17 June 2009

Cyber Shack

My pocketful of girlhood dreams always included at least three things: being a wife, a mother and a writer. And perhaps since my undergraduate days (despite my ignorance of the consuming ways of motherhood and family life) I envisioned for myself a writer's shack: a modest 10 x 10 wooden structure situated at the far edge of a lush backyard lawn. Inside: a desk, a chair, a carpet sample; a place to nurture my writing self without distraction.

I witnessed my first writer’s shack eleven years ago, in the backyard of my MFA professor’s charming Berkeley flat. Tucked among patches of Lavender and poised stems of Queen Ann’s Lace, the cottage, as she referred to it, was complete with tribal rugs, a nature lover’s art pieces and inspirational quotes tacked to the four saffron-yellow walls. I suspect the spirit of Virginia Woolf is getting a groove on over this first-rate “room of one’s own.”* Inspired by what a writer’s shack could be, I have been collecting quotes and clippings for my own ever since.

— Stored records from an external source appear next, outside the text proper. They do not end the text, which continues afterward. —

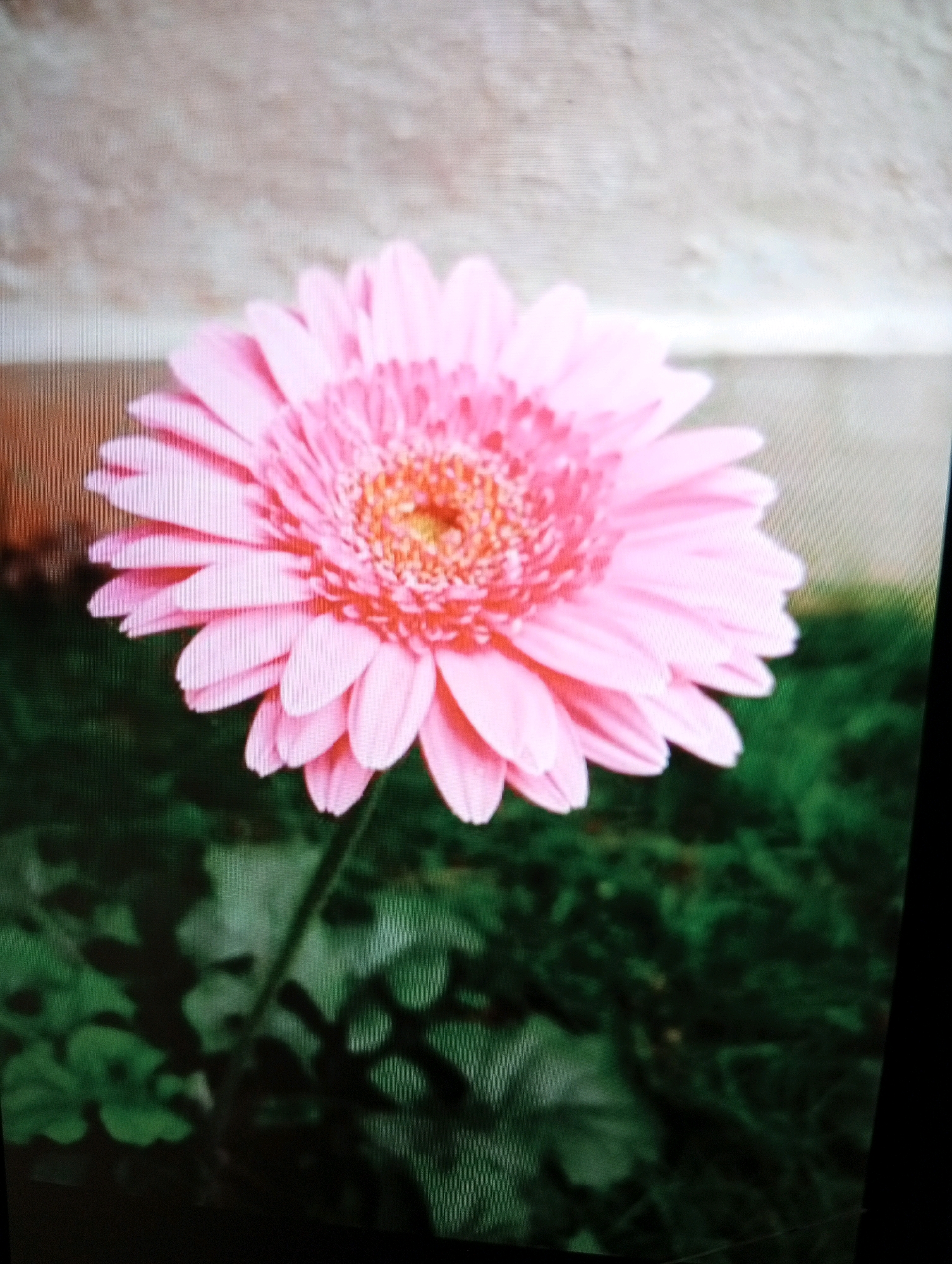 A close-up, slightly blurry photograph shows a single, vibrant pink gerbera daisy in full bloom, positioned in the center of the frame. The flower's petals radiate outward from a bright orange-yellow center. Behind the flower, a textured, light-colored background, possibly a wall, is visible, with a darker green, out-of-focus area suggesting foliage or a garden below. The image is oriented vertically, with the flower taking up the majority of the upper half. There is no discernible location in Larkana, Pakistan, or any identifiable human presence in this photograph.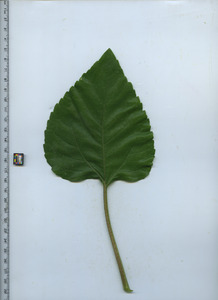 leaftop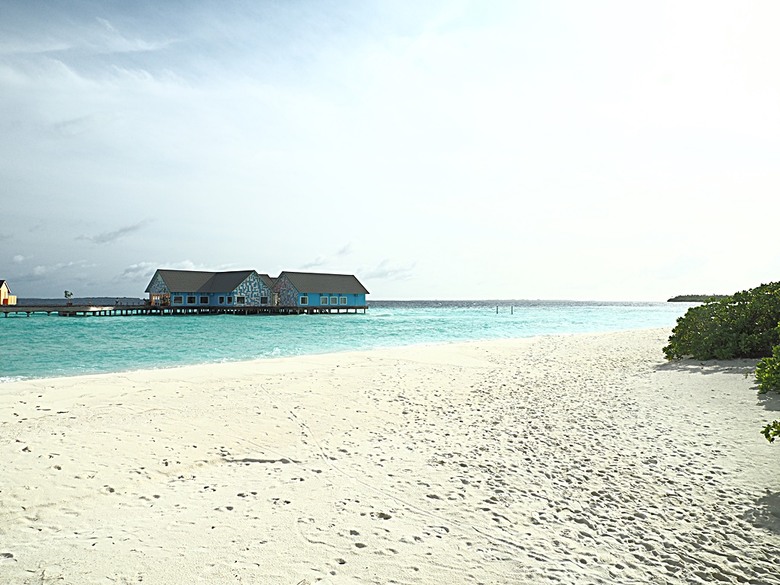 入住The Standard Maldives、碼頭邊珊瑚礁浮潛、出海賞海豚、環礁潟湖體驗 — 赤道三國文化休閒行旅 之 馬爾地夫篇 第一回 潟湖泳池水上屋(Lagoon Overwater Pool Villa)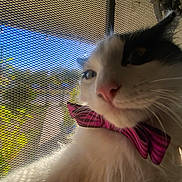 Boo is registered to the contest to win money with this photo: cat, pet, bow_tie, close_up, white_fur, black_fur, whiskers, pink_nose, mesh_screen, outdoor, sunlight, window, portrait, animal, cute, domestic_animal, feline, looking_away, fluffy, indoor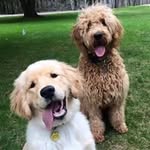 Sue Ellis - @suzanellis - Instagram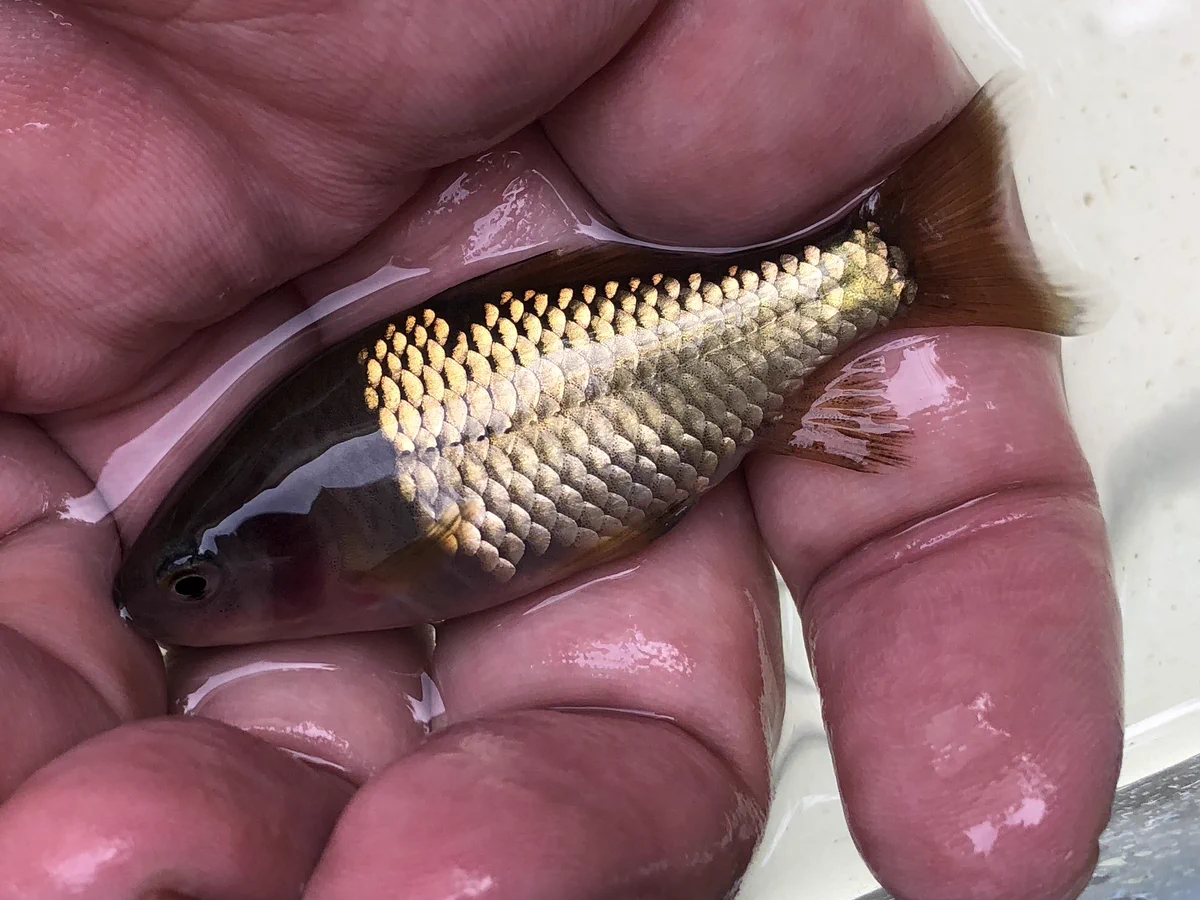 これは珍しい！ルアーのような変わった魚が出てきた！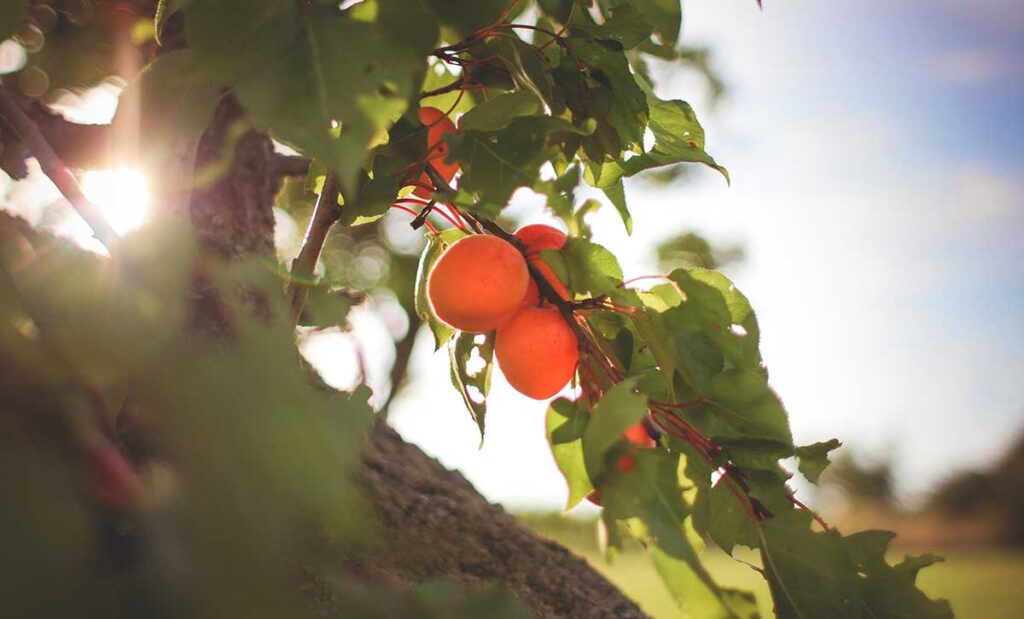 Fresh apricots on the tree.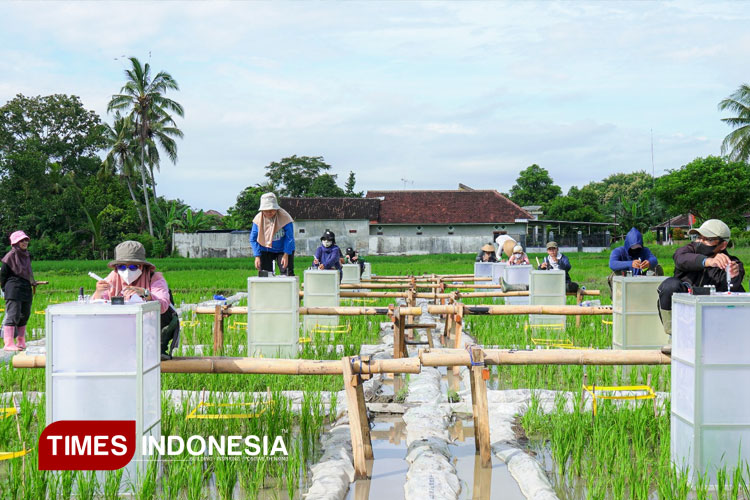 Banyuwangi Luncurkan Beras Super Gizi, Ampuh Cegah Stunting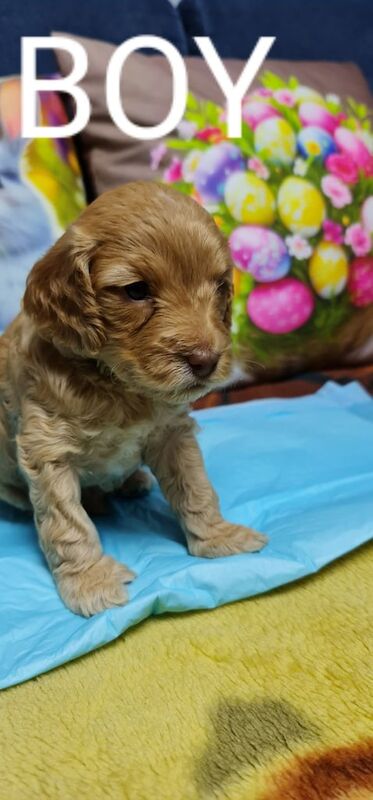 6 beautiful apricot Cockapoos for sale!!!! for sale in Loughborough, Leicestershire - Image 3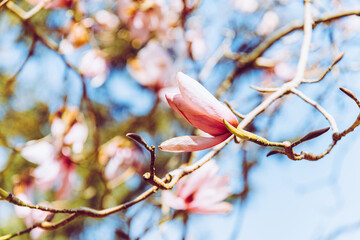 Magnolia and blue sky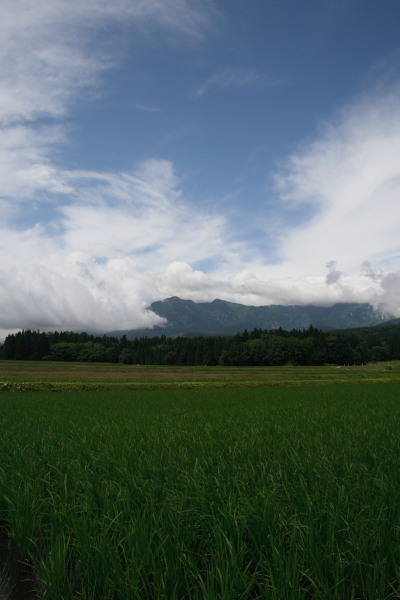 田んぼと空と妙高山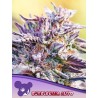 AUTO BUBBLEGUM · Anesia Seeds · cannabis seeds · Auto Fem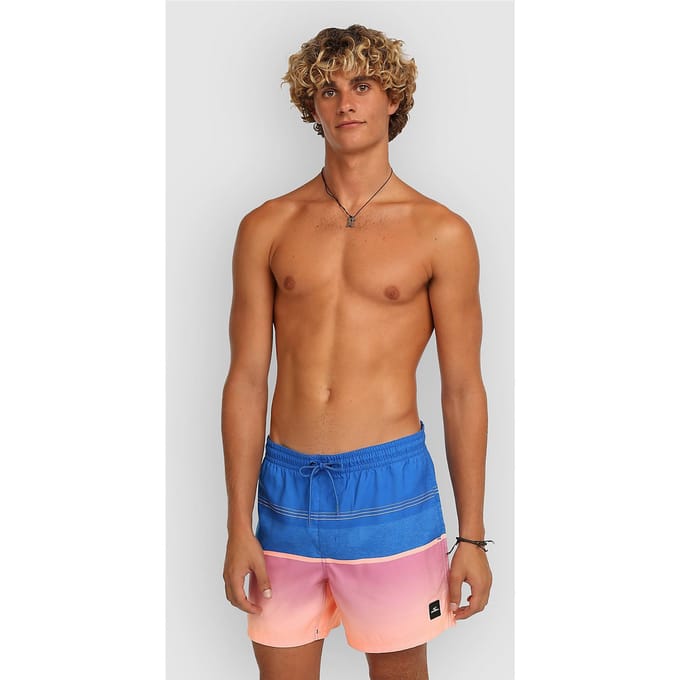 O´neill Gradient 15´´ Zwembroek Blauw S Man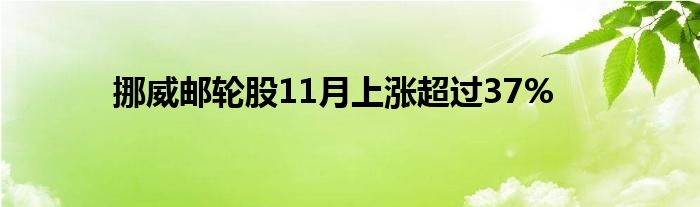 挪威邮轮股11月上涨超过37%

Though I do not yet have my backyard fantasy shack (I suppose owning a house comes first) I am at last honoring the foresight of my twenties, if only in spirit, with the construction of this here cyber shack. While a blog is almost certainly not what Woolf had in mind eighty years ago, when she asserted women writers need a room of their own, and though her groove may not be quite as on as it is with the aforementioned Berkeley cottage, I think she could be pleased with this modern concept of a writer’s own room -- both because her essay* refers more to owning the right to create than an actual room, and because for now, for this woman writer and mother of three, a room in cyber space holds all the promise of calling me out of the godforsaken laundry room (not to mention all the bedrooms hopping with vexatious little dust bunnies and, God help me, the monopolizing kitchen) into a space I can at least call my own; one fashioned for the sole purpose of nurturing these ancient ambitions I have to write and create.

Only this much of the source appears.